Would you copy exactly the lines in the data below from the one that has "Crocs x Satisfy" through the one that has "a living room", dropping any pictures?

[DATA FOR THIS TASK — start]

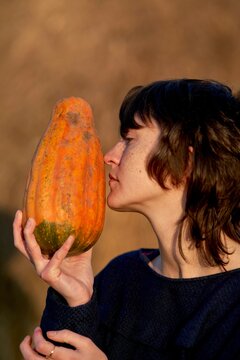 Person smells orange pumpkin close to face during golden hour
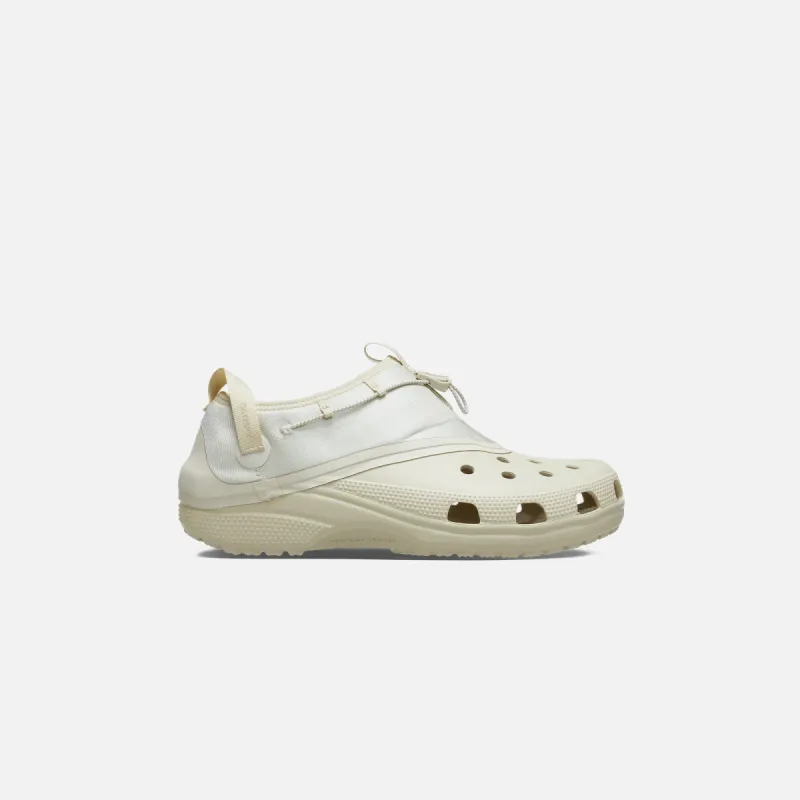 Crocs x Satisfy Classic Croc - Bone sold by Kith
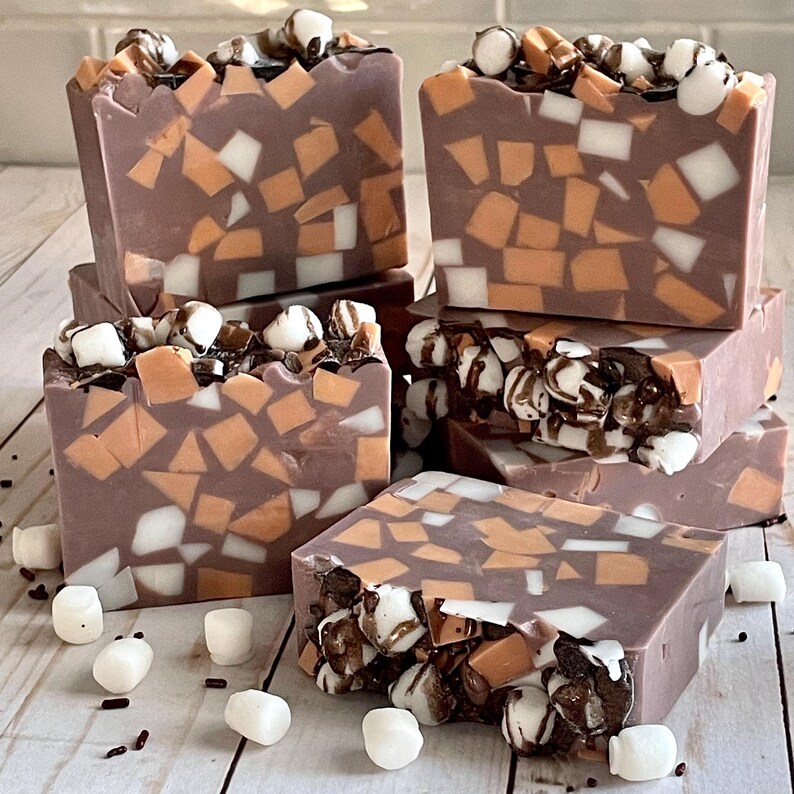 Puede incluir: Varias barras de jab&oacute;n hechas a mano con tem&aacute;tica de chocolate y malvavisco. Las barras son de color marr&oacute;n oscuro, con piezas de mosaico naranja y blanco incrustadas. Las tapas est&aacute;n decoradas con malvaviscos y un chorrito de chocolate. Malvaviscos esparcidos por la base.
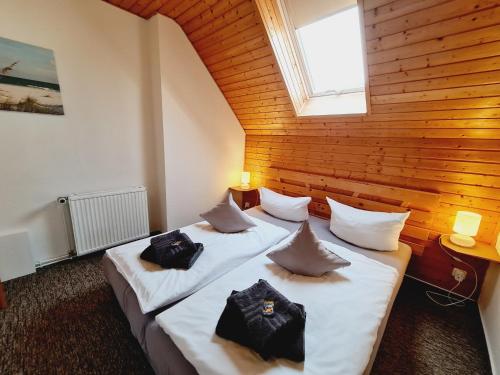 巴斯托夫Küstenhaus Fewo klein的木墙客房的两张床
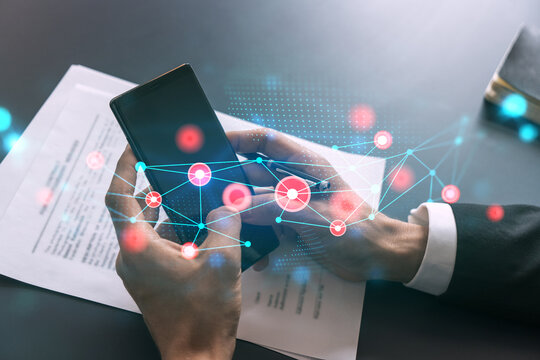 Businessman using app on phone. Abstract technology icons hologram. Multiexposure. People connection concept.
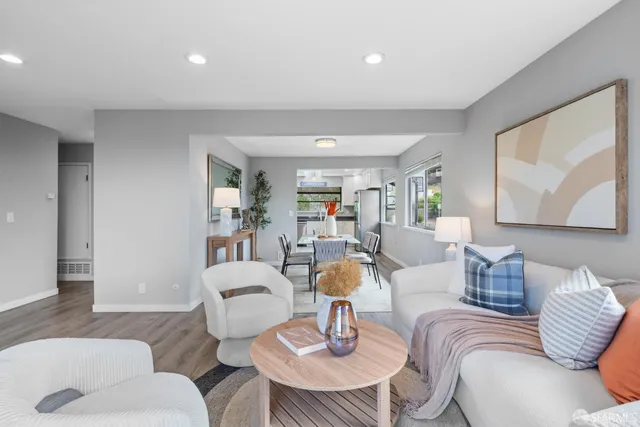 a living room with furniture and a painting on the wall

[DATA FOR THIS TASK — finish]
[DATA FOR THIS TASK — start]

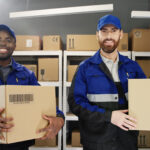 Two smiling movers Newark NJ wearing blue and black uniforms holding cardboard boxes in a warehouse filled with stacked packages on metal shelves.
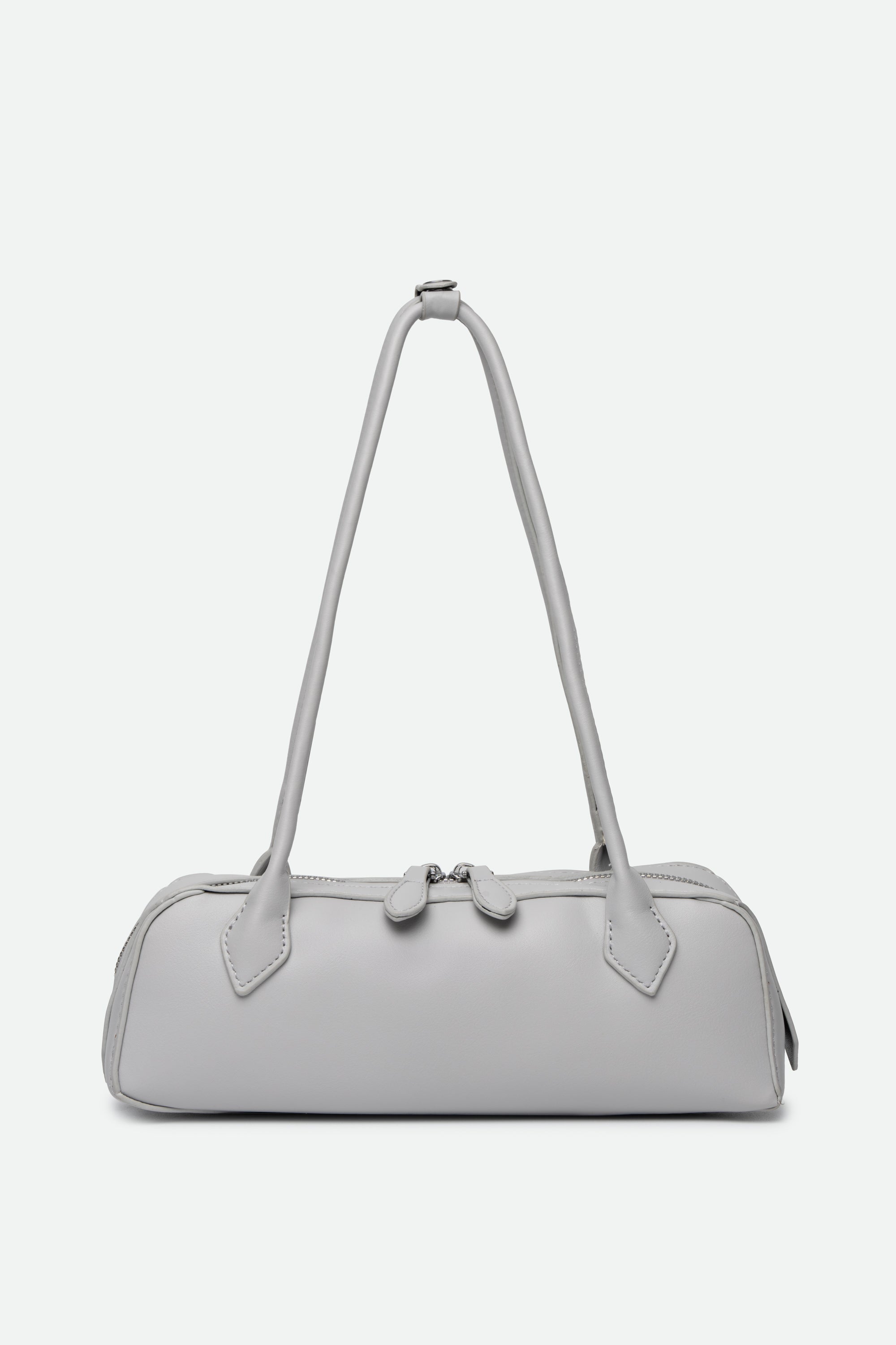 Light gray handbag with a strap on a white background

[DATA FOR THIS TASK — finish]

- _REPLY TO THE TASK_
 Crocs x Satisfy Classic Croc - Bone sold by Kith
 Puede incluir: Varias barras de jab&oacute;n hechas a mano con tem&aacute;tica de chocolate y malvavisco. Las barras son de color marr&oacute;n oscuro, con piezas de mosaico naranja y blanco incrustadas. Las tapas est&aacute;n decoradas con malvaviscos y un chorrito de chocolate. Malvaviscos esparcidos por la base.
 巴斯托夫Küstenhaus Fewo klein的木墙客房的两张床
 Businessman using app on phone. Abstract technology icons hologram. Multiexposure. People connection concept.
 a living room with furniture and a painting on the wall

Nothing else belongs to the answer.